Алексей отступил на шаг – похоже, ему стало плохо, он постоял еще секунду и кинулся с крыльца вниз, прижимая руки ко рту. Ника и сама чувствовала нарастающую дурноту.
Люська не произносила ни слова, просто выла, и Ника решила было, что ее тоже задело балкой и у нее что-нибудь сломано. Она присела на корточки, и робко коснулась Люськиного плеча, стараясь побороть тошноту и не смотреть в сторону раздавленного кошачьего тела.

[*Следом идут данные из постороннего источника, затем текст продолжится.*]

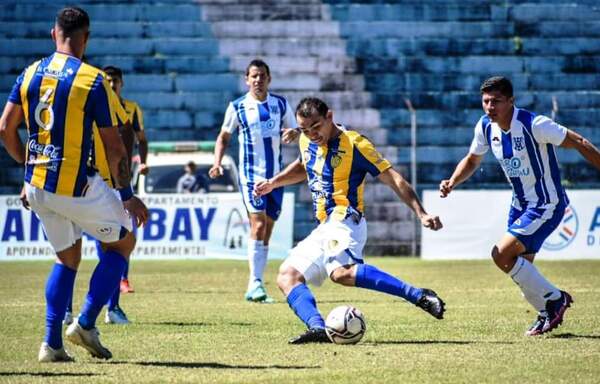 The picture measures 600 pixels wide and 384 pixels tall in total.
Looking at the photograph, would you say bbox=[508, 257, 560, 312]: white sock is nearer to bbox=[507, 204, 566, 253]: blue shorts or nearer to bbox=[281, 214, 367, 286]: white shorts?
bbox=[507, 204, 566, 253]: blue shorts

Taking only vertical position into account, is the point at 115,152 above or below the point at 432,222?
above

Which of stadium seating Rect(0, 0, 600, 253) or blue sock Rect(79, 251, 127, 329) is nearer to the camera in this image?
blue sock Rect(79, 251, 127, 329)

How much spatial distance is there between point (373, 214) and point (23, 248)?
640 centimetres

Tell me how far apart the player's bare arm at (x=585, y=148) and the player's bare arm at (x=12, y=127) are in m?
4.02

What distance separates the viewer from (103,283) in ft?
24.9

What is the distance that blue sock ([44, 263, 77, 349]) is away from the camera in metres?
7.33

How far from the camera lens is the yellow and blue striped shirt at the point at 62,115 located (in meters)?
7.13

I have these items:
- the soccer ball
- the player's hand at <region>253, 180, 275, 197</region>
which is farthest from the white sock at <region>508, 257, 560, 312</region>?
the player's hand at <region>253, 180, 275, 197</region>

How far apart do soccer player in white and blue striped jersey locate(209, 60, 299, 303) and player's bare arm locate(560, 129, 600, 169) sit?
4750mm

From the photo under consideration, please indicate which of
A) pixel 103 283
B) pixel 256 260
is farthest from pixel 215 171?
pixel 103 283

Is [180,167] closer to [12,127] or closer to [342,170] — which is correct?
[342,170]

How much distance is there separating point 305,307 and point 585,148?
2.39 metres

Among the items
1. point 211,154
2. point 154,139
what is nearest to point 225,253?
point 211,154

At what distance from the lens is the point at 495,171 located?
23.6 metres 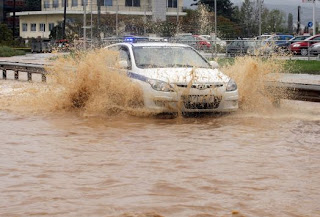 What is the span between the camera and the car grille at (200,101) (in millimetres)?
12469

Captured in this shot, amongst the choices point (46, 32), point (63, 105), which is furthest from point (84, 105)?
point (46, 32)

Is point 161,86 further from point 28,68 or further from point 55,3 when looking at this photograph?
point 55,3

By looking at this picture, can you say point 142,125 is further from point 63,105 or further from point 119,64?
point 63,105

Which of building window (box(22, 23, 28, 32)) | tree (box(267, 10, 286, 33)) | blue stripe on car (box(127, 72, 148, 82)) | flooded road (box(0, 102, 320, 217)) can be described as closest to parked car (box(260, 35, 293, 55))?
blue stripe on car (box(127, 72, 148, 82))

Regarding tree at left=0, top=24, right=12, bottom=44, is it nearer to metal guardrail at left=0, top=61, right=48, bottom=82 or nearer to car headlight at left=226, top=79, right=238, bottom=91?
metal guardrail at left=0, top=61, right=48, bottom=82

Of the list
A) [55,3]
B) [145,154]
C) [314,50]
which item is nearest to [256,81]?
[145,154]

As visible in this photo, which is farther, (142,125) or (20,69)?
(20,69)

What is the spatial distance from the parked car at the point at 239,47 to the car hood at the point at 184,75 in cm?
2088

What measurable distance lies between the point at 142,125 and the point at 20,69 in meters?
13.8

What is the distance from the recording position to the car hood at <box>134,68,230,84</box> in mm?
12539

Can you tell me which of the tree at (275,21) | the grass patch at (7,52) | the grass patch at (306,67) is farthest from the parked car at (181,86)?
the tree at (275,21)

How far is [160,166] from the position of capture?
27.2 ft

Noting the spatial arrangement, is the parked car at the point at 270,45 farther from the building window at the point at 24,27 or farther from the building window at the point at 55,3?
the building window at the point at 24,27

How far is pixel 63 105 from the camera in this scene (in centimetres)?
1455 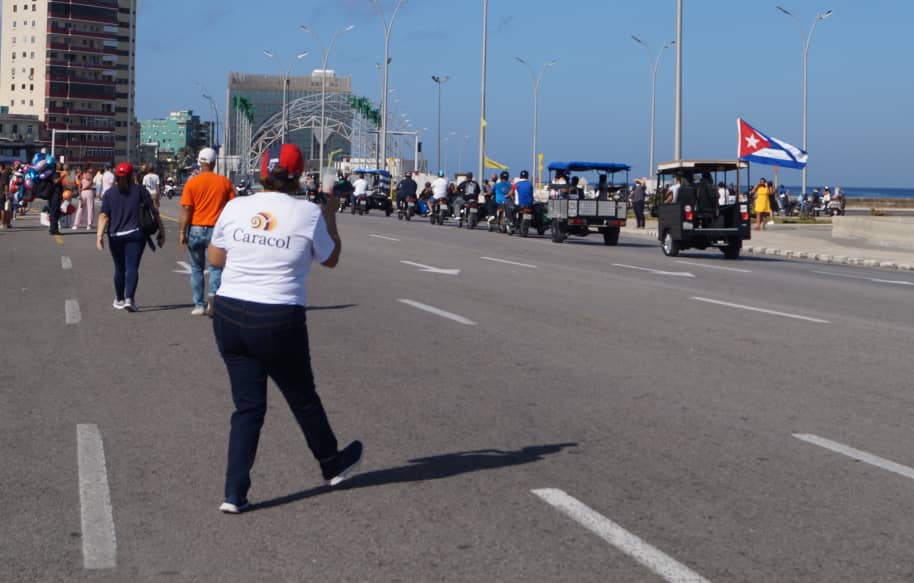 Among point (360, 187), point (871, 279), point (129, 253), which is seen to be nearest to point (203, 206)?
point (129, 253)

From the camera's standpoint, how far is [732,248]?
95.2 feet

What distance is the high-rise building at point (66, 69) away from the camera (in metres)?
150

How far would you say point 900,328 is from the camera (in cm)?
1450

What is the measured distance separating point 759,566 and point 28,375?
6.65 metres

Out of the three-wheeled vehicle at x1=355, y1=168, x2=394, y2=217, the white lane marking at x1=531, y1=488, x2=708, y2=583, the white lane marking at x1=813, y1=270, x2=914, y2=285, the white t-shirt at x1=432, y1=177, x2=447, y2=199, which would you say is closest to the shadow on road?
the white lane marking at x1=531, y1=488, x2=708, y2=583

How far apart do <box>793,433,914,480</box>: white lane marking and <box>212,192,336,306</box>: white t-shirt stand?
3.44 m

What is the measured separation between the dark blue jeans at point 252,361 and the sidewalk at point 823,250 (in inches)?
957

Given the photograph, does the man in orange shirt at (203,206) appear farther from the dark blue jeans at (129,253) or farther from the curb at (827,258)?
the curb at (827,258)

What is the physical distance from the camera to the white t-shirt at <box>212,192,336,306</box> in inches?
237

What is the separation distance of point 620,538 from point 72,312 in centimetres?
1028

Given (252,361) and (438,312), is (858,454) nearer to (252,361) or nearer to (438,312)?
(252,361)

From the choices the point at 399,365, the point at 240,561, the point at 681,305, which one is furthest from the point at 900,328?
the point at 240,561

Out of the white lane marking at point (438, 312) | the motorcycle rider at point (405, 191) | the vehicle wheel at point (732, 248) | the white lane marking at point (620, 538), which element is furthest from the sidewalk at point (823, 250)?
the white lane marking at point (620, 538)

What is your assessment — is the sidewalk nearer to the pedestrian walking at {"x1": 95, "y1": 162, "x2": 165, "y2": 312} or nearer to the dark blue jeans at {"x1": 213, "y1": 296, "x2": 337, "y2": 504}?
the pedestrian walking at {"x1": 95, "y1": 162, "x2": 165, "y2": 312} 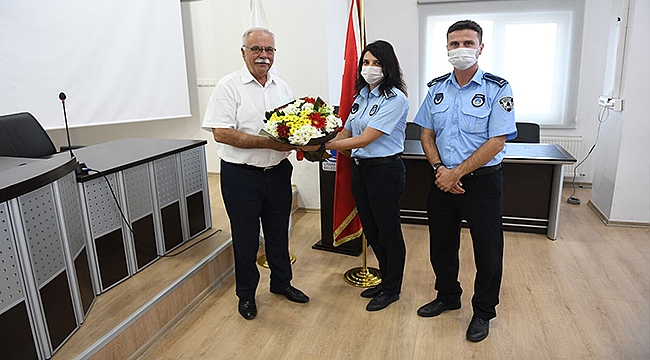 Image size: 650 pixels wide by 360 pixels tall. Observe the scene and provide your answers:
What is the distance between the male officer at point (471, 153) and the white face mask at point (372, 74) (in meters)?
0.29

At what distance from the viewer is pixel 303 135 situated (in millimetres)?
2197

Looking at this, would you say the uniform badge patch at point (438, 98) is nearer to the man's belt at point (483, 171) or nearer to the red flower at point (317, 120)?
the man's belt at point (483, 171)

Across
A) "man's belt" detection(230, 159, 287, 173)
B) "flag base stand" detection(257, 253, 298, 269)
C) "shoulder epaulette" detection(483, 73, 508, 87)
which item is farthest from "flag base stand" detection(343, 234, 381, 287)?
"shoulder epaulette" detection(483, 73, 508, 87)

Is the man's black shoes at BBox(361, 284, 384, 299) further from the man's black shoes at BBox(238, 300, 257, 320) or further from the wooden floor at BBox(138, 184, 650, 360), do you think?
the man's black shoes at BBox(238, 300, 257, 320)

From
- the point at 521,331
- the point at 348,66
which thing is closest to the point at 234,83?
the point at 348,66

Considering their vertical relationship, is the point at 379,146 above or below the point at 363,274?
above

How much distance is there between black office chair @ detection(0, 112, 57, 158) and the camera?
298 centimetres

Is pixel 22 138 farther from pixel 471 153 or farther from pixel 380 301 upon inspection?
pixel 471 153

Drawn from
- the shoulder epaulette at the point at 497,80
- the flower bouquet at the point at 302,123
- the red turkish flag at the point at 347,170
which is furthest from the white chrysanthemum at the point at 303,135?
the shoulder epaulette at the point at 497,80

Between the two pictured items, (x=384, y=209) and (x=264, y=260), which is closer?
(x=384, y=209)

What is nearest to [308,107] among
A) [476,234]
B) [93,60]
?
[476,234]

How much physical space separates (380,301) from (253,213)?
Answer: 0.96 metres

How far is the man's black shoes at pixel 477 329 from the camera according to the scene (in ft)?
7.74

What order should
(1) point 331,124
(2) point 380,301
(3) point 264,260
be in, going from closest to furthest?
(1) point 331,124, (2) point 380,301, (3) point 264,260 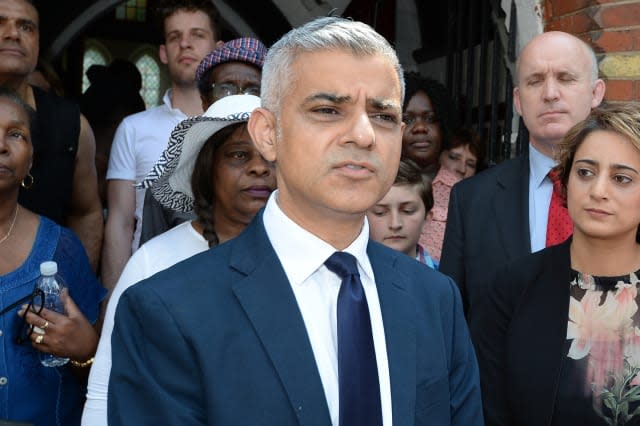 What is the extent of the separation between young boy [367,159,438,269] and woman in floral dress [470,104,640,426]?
36.1 inches

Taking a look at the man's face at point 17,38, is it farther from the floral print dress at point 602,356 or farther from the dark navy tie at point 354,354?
the floral print dress at point 602,356

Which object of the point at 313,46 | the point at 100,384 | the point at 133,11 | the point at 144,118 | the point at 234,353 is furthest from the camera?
the point at 133,11

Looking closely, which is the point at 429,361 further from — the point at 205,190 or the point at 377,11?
the point at 377,11

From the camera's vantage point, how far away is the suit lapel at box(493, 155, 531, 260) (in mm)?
3070

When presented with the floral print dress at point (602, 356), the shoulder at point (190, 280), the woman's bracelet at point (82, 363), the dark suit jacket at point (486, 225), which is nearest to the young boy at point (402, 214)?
the dark suit jacket at point (486, 225)

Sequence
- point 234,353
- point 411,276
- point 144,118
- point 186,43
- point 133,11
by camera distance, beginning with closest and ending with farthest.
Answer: point 234,353 < point 411,276 < point 144,118 < point 186,43 < point 133,11

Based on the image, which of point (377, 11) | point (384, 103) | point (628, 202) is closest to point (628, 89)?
point (628, 202)

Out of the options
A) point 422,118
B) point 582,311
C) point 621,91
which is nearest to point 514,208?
point 582,311

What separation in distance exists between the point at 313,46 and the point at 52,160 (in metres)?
1.95

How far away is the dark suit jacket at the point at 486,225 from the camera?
122 inches

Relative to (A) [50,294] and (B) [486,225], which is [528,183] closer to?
(B) [486,225]

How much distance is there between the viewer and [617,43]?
3.79m

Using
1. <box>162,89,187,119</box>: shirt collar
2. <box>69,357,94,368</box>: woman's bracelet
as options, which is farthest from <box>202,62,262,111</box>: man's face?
<box>69,357,94,368</box>: woman's bracelet

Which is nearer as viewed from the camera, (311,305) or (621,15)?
(311,305) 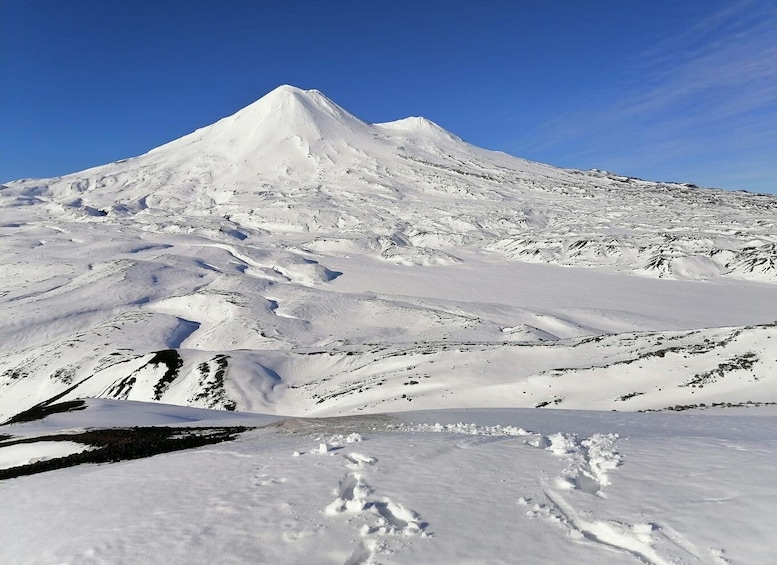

– Люсь, – тихо позвала она, но за криком подруги сама не услышала своего голоса.
– Котик мой! – отчетливо выкрикнула Люська, снова начала орать в полный голос, откинула руку Ники с плеча и поползла за порог, протягивая раскрытые ладони к мертвой окровавленной морде. Ника хотела отвернуться, но взгляд сам собой вперился в помутневшие желтые глаза мертвого животного. Люська обхватила его мордочку руками, колени ее соскользнули с порога, она уткнулась лицом в мокрую от крови шерстку и смолкла.
Ника усилием воли отвернулась в сторону, и увидела, что над ними стоит Надежда Васильевна и тоже от испуга не может вымолвить ни слова.
– Мой Фродичка, – горячо зашептала Люська, – мой маленький котик! Прости, мое солнышко, мой сладенький, прости меня… Мое золотко, мой пушистик… Сейчас, я тебя освобожу…
Люська неловко приподнялась и с неожиданной силой толкнула бревно в сторону, да так, что оно откатилось на несколько шагов.
– Зверечек мой серенький, мамочка возьмет тебя на ручки… – Люська подняла раздавленное тельце и прижала к груди, – пойдем, пойдем отсюда.
Она медленно поднялась на ноги, скользнув равнодушным взглядом по Никиному лицу, как будто и не увидела ее. Ни одной слезинки не было в Люськиных глазах, отчего Ника испугалась еще сильней. Надежда Васильевна попятилась, уступая Люське дорогу. Люська начала спускаться по ступенькам, и на середине оступилась, неловко съехала вниз на коленях, разбивая ноги и в клочья разрывая коготки, но так и не выпустила мертвого кота из рук, чтобы облегчить свое падение. И только оказавшись на земле, согнулась и разрыдалась, горько и отчаянно.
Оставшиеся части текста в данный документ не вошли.